The data:

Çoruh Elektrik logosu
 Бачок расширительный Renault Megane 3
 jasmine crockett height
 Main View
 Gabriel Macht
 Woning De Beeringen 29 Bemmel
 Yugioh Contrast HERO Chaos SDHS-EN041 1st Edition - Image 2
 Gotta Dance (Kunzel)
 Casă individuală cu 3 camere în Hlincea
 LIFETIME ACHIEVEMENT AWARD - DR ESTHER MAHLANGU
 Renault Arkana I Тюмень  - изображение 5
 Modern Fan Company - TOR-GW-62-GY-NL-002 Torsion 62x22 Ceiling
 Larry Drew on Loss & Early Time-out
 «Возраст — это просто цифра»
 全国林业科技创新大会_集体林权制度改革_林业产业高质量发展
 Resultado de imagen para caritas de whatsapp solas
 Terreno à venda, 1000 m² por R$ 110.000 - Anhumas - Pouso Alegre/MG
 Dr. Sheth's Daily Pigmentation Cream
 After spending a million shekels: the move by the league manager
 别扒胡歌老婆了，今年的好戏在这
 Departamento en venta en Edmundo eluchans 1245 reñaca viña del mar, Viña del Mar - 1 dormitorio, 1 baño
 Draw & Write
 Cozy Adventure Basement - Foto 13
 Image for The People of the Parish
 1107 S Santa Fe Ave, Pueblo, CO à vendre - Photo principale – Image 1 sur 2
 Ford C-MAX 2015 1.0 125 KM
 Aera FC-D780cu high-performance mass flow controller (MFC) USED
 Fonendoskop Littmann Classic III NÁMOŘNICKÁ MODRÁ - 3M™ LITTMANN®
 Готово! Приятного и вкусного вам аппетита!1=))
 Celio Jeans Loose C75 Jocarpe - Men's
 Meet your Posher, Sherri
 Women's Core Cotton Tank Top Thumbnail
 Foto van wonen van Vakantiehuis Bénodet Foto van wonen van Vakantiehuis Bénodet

Assignment: Please return only the lines from the one with "Terreno à venda, 1000" through the end of the listing, each exactly as written, first and last included.

Answer box:
 Terreno à venda, 1000 m² por R$ 110.000 - Anhumas - Pouso Alegre/MG
 Dr. Sheth's Daily Pigmentation Cream
 After spending a million shekels: the move by the league manager
 别扒胡歌老婆了，今年的好戏在这
 Departamento en venta en Edmundo eluchans 1245 reñaca viña del mar, Viña del Mar - 1 dormitorio, 1 baño
 Draw & Write
 Cozy Adventure Basement - Foto 13
 Image for The People of the Parish
 1107 S Santa Fe Ave, Pueblo, CO à vendre - Photo principale – Image 1 sur 2
 Ford C-MAX 2015 1.0 125 KM
 Aera FC-D780cu high-performance mass flow controller (MFC) USED
 Fonendoskop Littmann Classic III NÁMOŘNICKÁ MODRÁ - 3M™ LITTMANN®
 Готово! Приятного и вкусного вам аппетита!1=))
 Celio Jeans Loose C75 Jocarpe - Men's
 Meet your Posher, Sherri
 Women's Core Cotton Tank Top Thumbnail
 Foto van wonen van Vakantiehuis Bénodet Foto van wonen van Vakantiehuis Bénodet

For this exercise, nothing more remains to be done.